● **Required work**:
In the entries that follow, find the line containing "مراسم اختتامیه نمایش زخم موعود در ورامین" and the line containing "4 Bed Semi-Detached House in Sierra Blanca", then copy exactly everything from the first through the second except the pictures.

● **Data listing**:
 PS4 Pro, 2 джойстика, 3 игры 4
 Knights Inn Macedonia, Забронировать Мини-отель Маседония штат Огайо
---
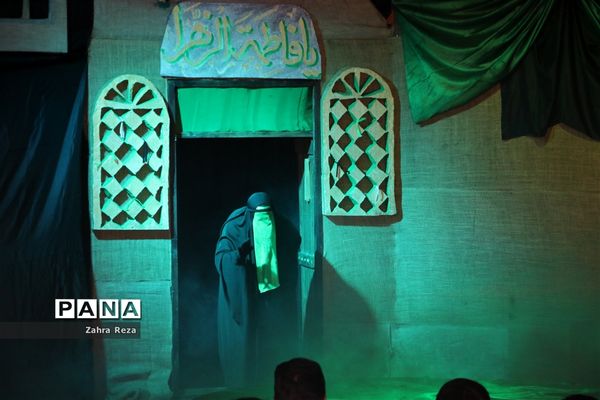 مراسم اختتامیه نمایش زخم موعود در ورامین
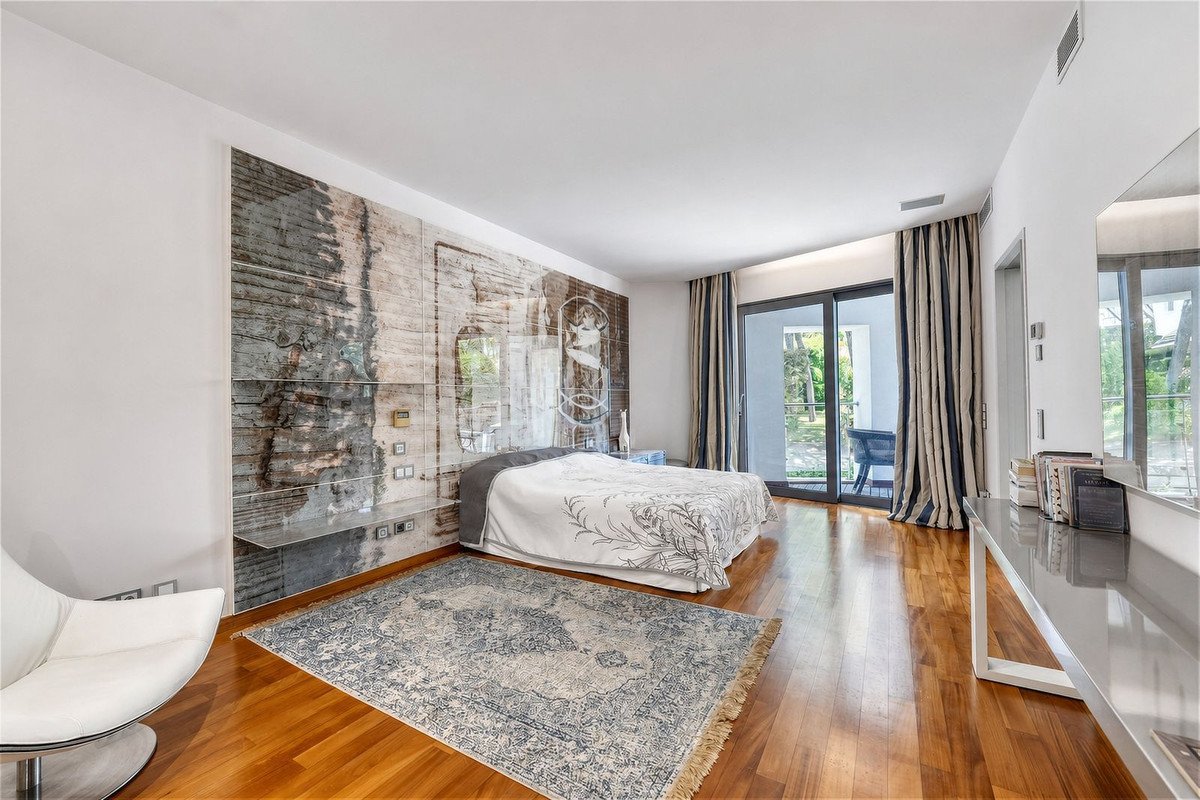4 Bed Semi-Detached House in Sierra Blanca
---
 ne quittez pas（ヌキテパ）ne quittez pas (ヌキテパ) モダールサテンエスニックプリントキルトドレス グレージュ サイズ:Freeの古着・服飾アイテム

● **Answer box**:
 مراسم اختتامیه نمایش زخم موعود در ورامین
4 Bed Semi-Detached House in Sierra Blanca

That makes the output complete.